◆ **ABOUT THIS EXERCISE**
Your response to the data below should hold nothing except the lines from the one containing "Czech agriculture and" down to the one containing "1 bedroom House", reproduced exactly and without pictures.

◆ **DATA TO USE**
※

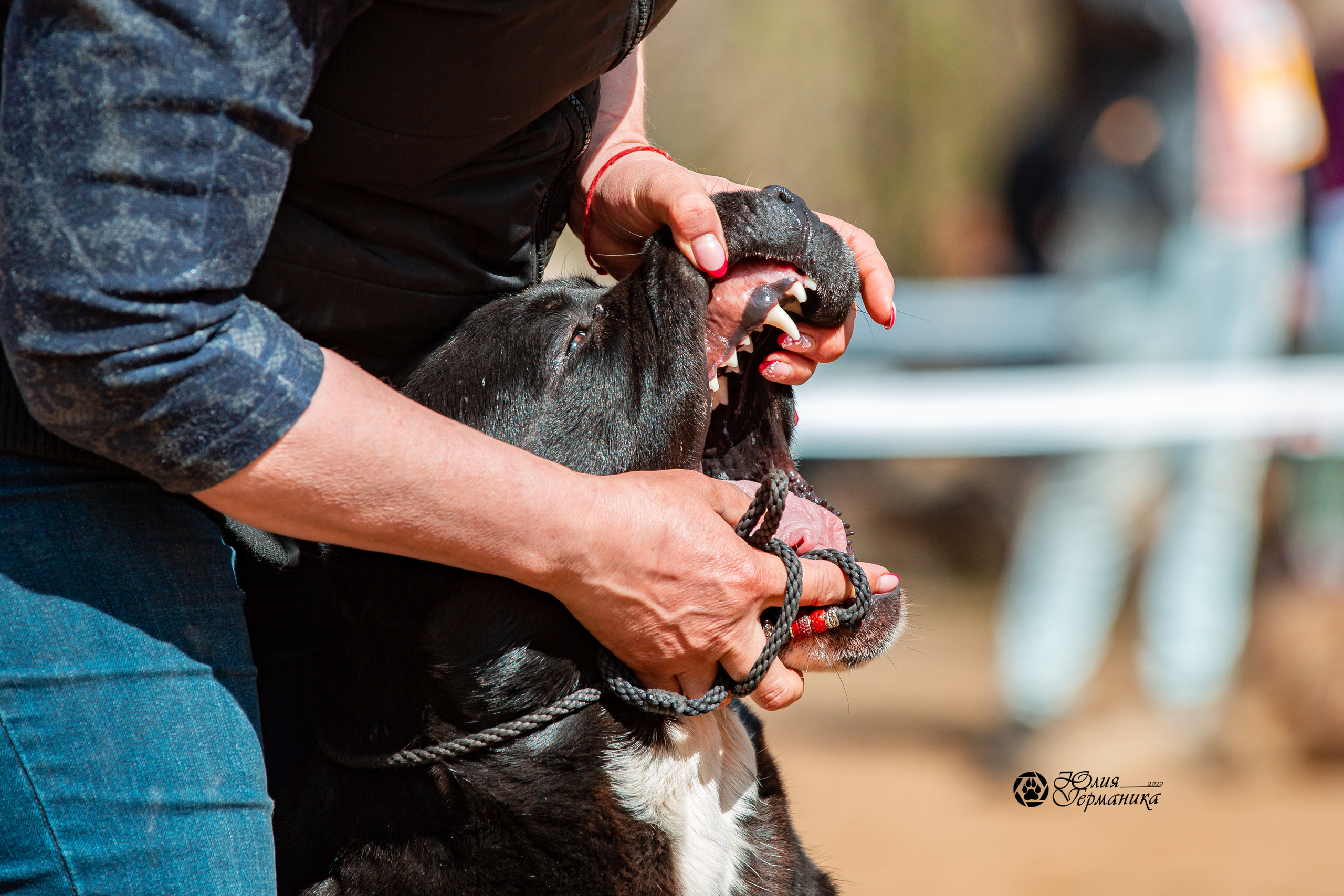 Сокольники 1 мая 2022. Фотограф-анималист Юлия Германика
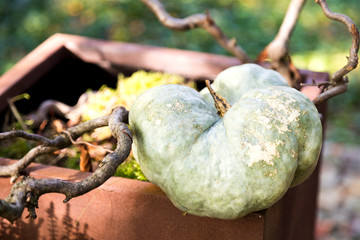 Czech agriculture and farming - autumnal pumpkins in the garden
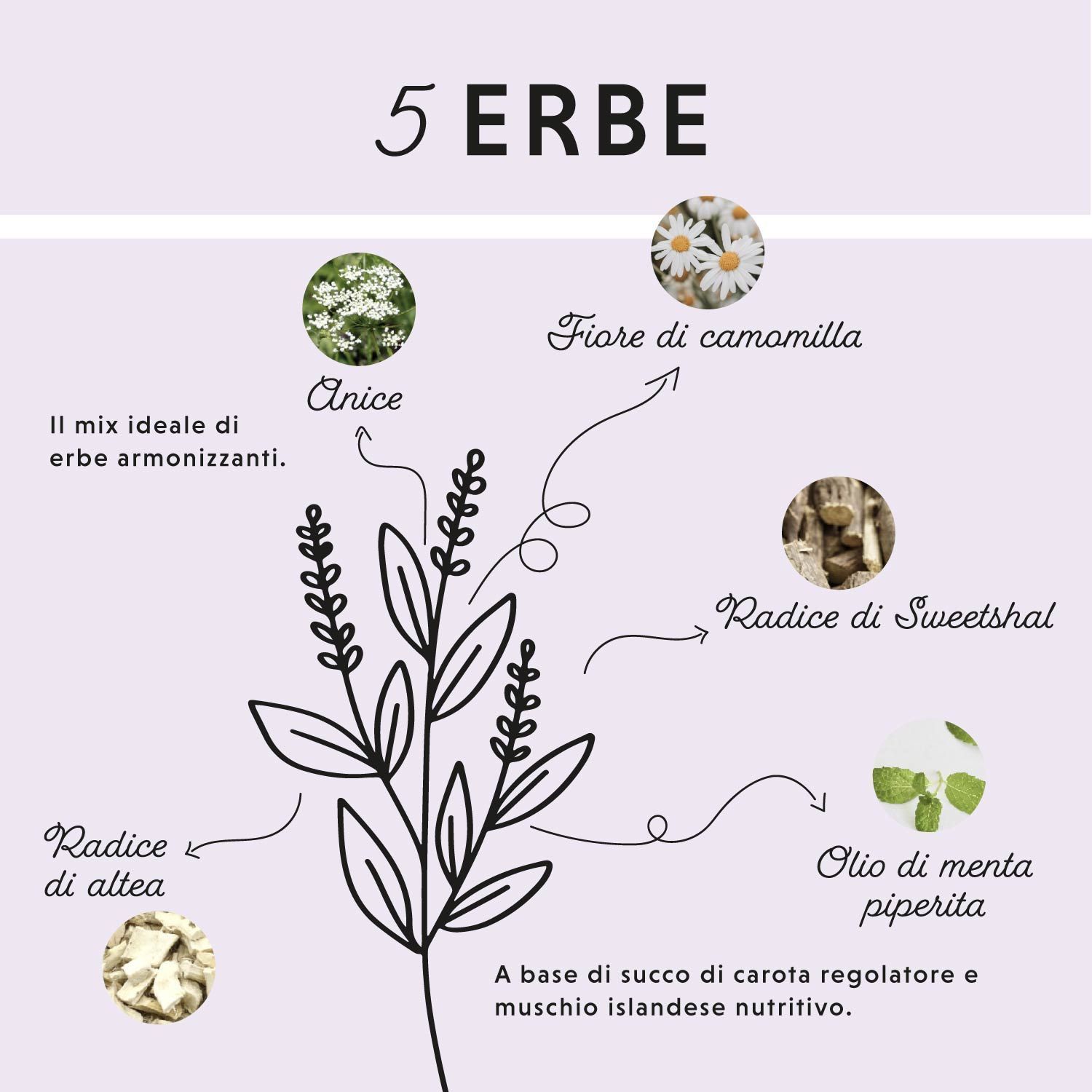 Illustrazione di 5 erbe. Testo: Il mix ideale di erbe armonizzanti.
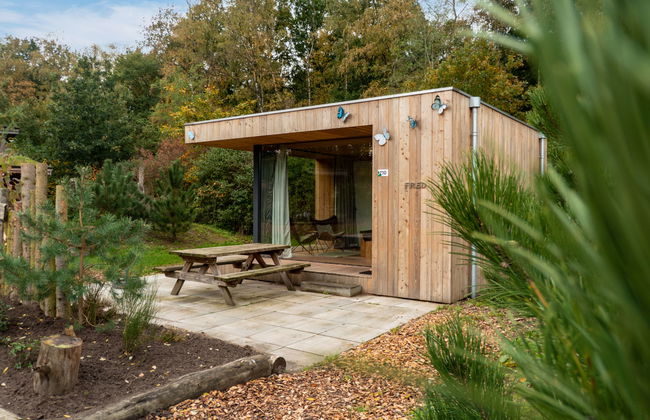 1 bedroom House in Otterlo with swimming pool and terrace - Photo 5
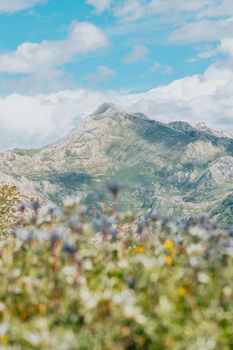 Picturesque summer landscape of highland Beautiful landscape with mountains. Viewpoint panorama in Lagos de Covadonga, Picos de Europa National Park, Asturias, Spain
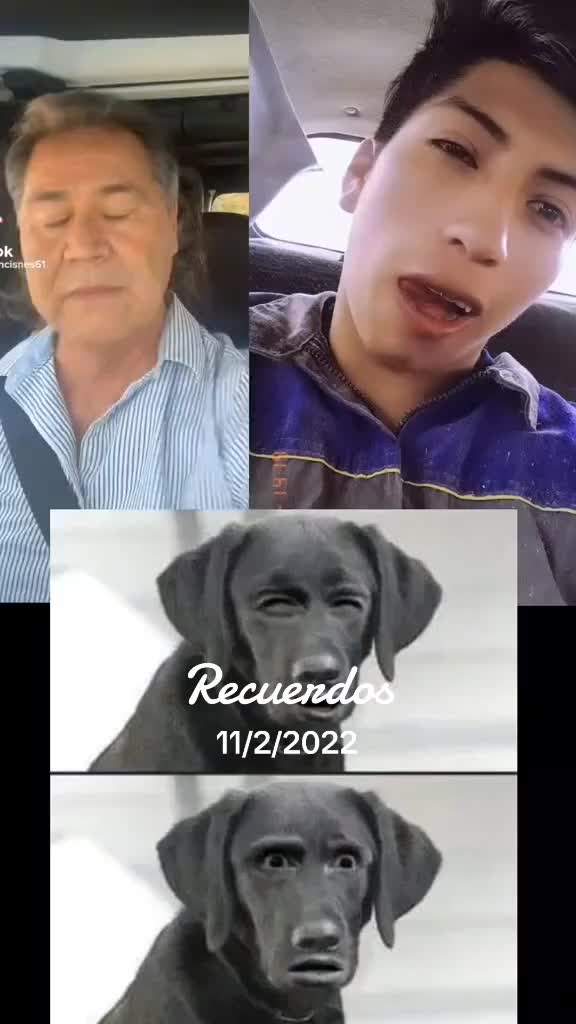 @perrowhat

※

◆ **EXERCISE SOLUTION**
 Czech agriculture and farming - autumnal pumpkins in the garden
 Illustrazione di 5 erbe. Testo: Il mix ideale di erbe armonizzanti.
 1 bedroom House in Otterlo with swimming pool and terrace - Photo 5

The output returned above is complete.